L’instabilité juridique que le projet de loi pourrait générer soulève d’autant plus d’inquiétudes qu’elle intervient dans des domaines où la stabilité des normes est particulièrement importante. La préservation du patrimoine est une action qui s’inscrit dans la durée et s’accommode mal des règles mouvantes.

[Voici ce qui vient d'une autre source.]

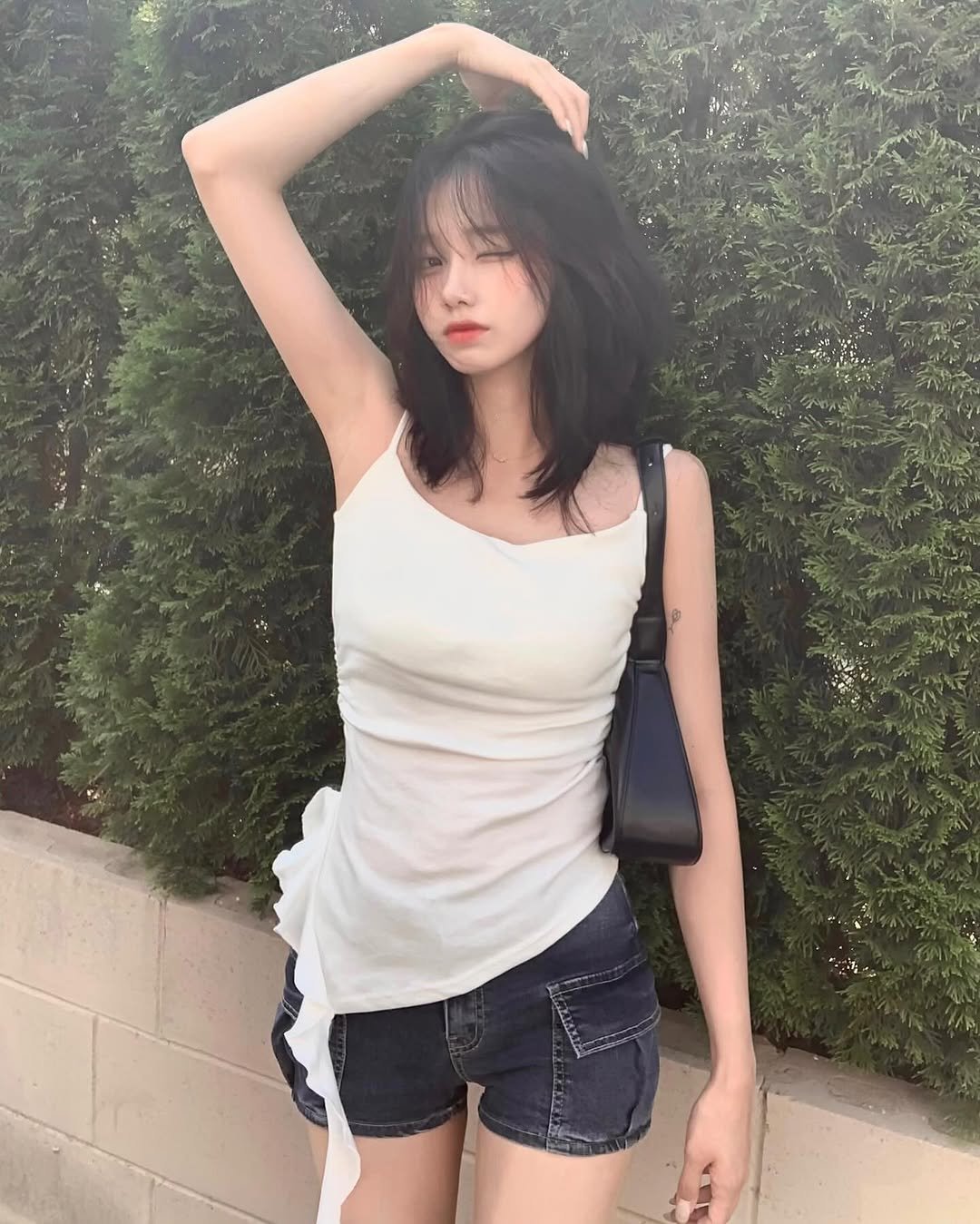 Photo by 차진아 on July 09, 2025. May be an image of 1 person, hair, shorts, top, tanktop and text.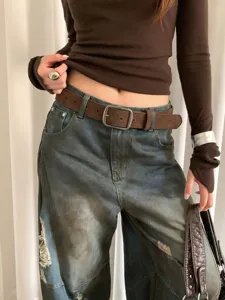 Close-up detail of retro brown suede belt with matte metal buckle, stylish accessory view.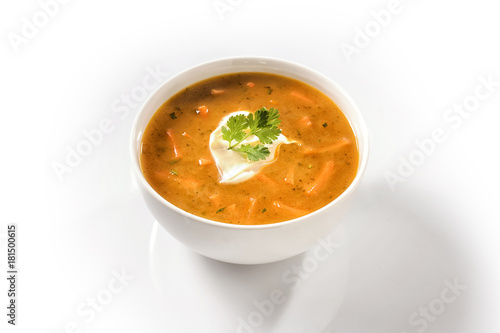 Cream Carrot Soup in a White Cup Garnished with Sour Cream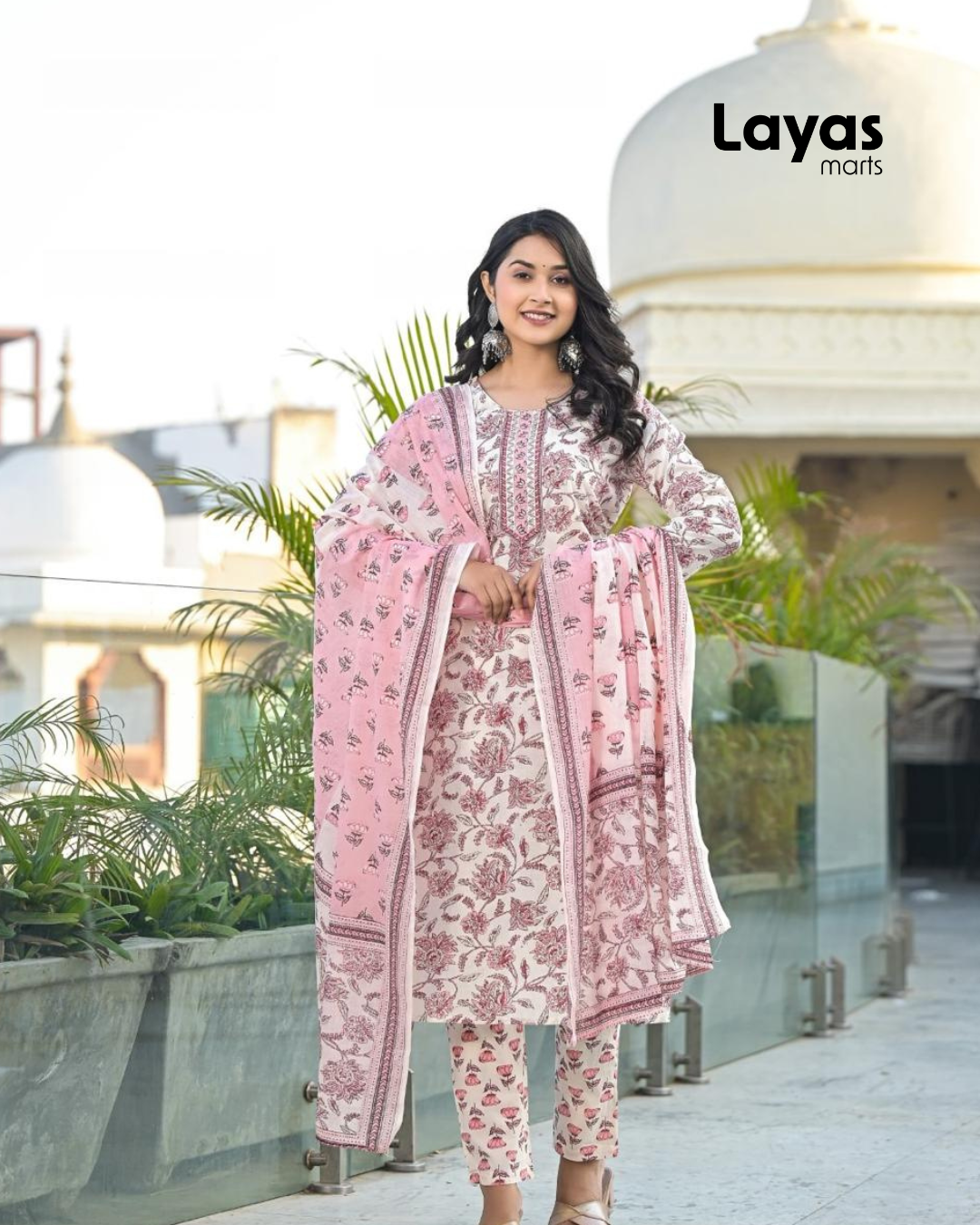 Woman wearing pink floral printed kurta with trousers and dupatta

Transformer l’avis conforme de l’architecte des Bâtiments de France en avis simple, quand bien même cette transformation resterait circonscrite à quelques cas clairement identifiés, n’est pas une décision sans conséquence. Je sais que l’ABF cristallise les crispations d’un grand nombre d’élus locaux. Je sais qu’il souffre d’une image de fonctionnaire parfois « buté » en dépit du faible nombre de refus qu’il oppose chaque année et des possibilités de recours qui existent contre ses décisions, à l’occasion desquelles les commissions régionales du patrimoine et de l’architecture, présidées par des élus, sont désormais consultées.
Le but de l’avis conforme – dois-je le rappeler ? – est de garantir que les enjeux patrimoniaux puissent aussi être pris en compte, au même titre que d’autres enjeux. Ne nous y trompons pas, les quatre cas qui nous sont soumis aujourd’hui sont loin d’être anodins et pourraient entraîner des atteintes irréversibles à notre patrimoine.

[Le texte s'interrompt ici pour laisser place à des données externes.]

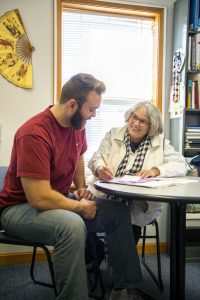 Male Student and Faculty Member in a one-on-one session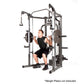 Marcy Smith Machine home gym with gray steel frame, weight plate posts, and cable attachments, demonstrating squat position w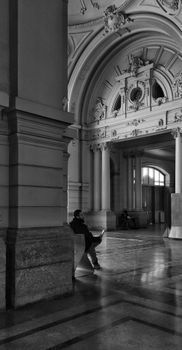 Black and white photo of an ornate interior with a man sitting, in Santiago, Chile.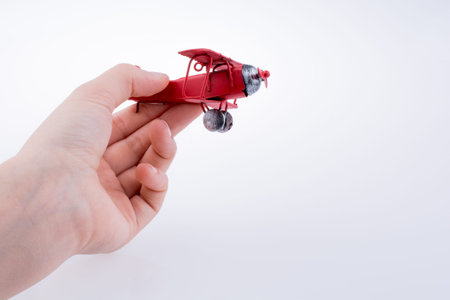 Hand holding a red Plane on a white background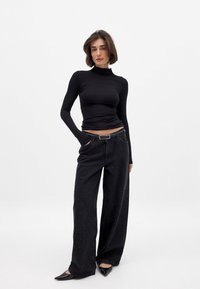 Crn dolg rokav turtleneck top, v kombinaciji z ohlapnimi črnimi kavbojkami z razpršeno pikasto vzorčno in pasom s srebrno zaponko.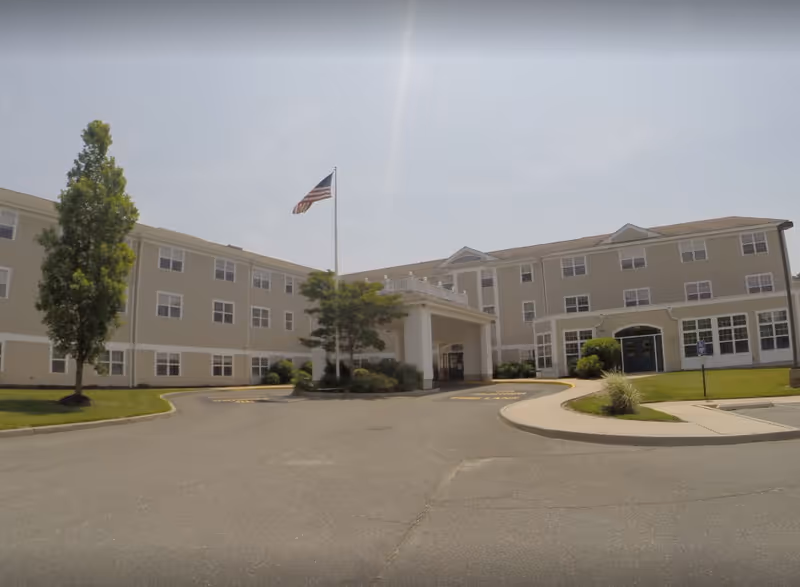 Exterior view of a three-story assisted living facility building with beige siding and white trim. There is a covered entrance with columns, an American flag on a flagpole, and landscaped greenery including trees and bushes around the driveway and entrance area.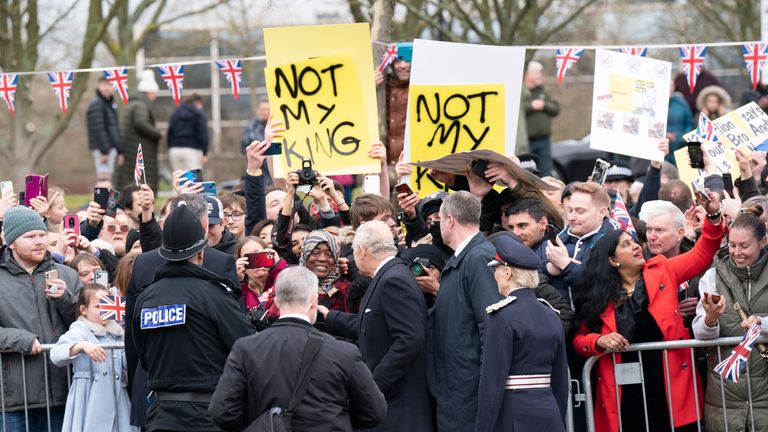 People rain anti-monarchy banners as Britain&#39;s King Charles interacts with the public during his visit to Milton Keynes, Britain, Thursday Feb. 16, 2023. (Arthur Edwards/Pool via AP)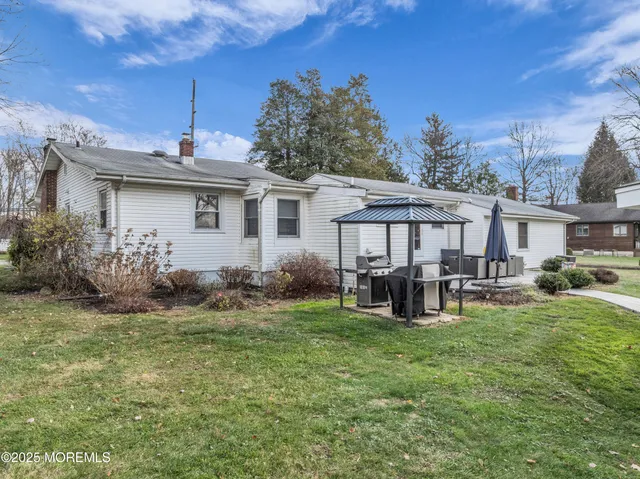a view of a house with backyard sitting area and garden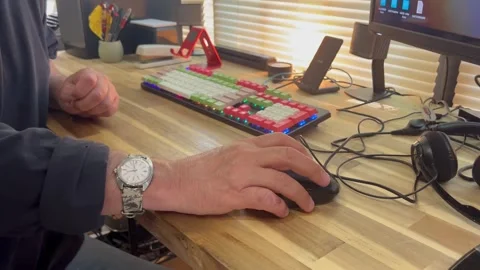 Man Using Computer Mouse at Wooden Desk Stock Footage 337515394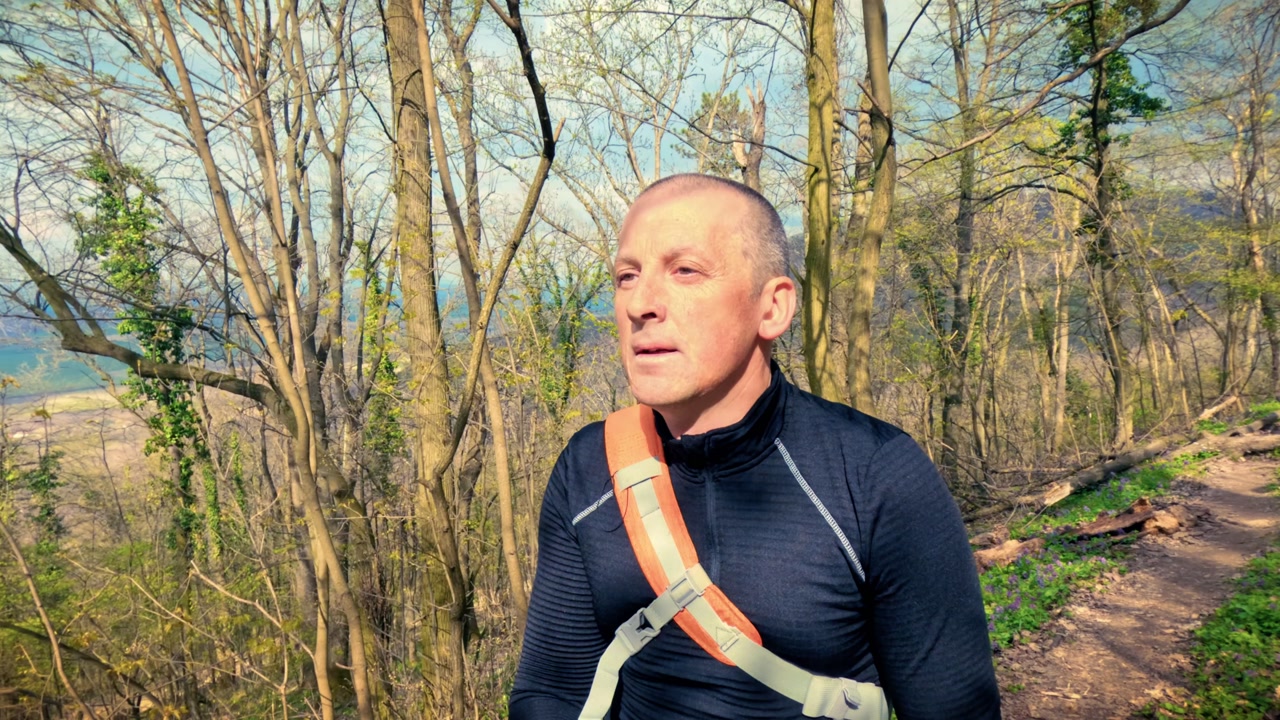 Authentic mature man walking through a blooming spring woodland path with purple flowers. Promoting personal health, fitness, mental well-being, and the calming power of nature for stress relief.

Renoncer à l’avis conforme privera certes l’ABF de sa capacité d’empêcher un projet, mais lui retirera également toute possibilité d’établir un dialogue pour permettre qu’un projet évolue dans le sens d’une meilleure conciliation de tous les intérêts en présence.
La commission de la culture vous proposera quelques amendements allant dans le sens d’une plus grande coconstruction des projets entre les élus et les ABF et d’une meilleure prévisibilité des avis de ces derniers.
Voulons-nous vraiment prendre le risque que le maire soit désormais seul et sans protection face à la pression des promoteurs de projet pour décider ? Voulons-nous vraiment ouvrir une brèche au principe de l’avis conforme pour que la liste des exceptions ne fasse que s’allonger au fil des années, au point de le vider de son sens ? Compte tenu de l’atout que représente le patrimoine pour notre pays et ses territoires, ce serait, aux yeux de la commission de la culture, une erreur.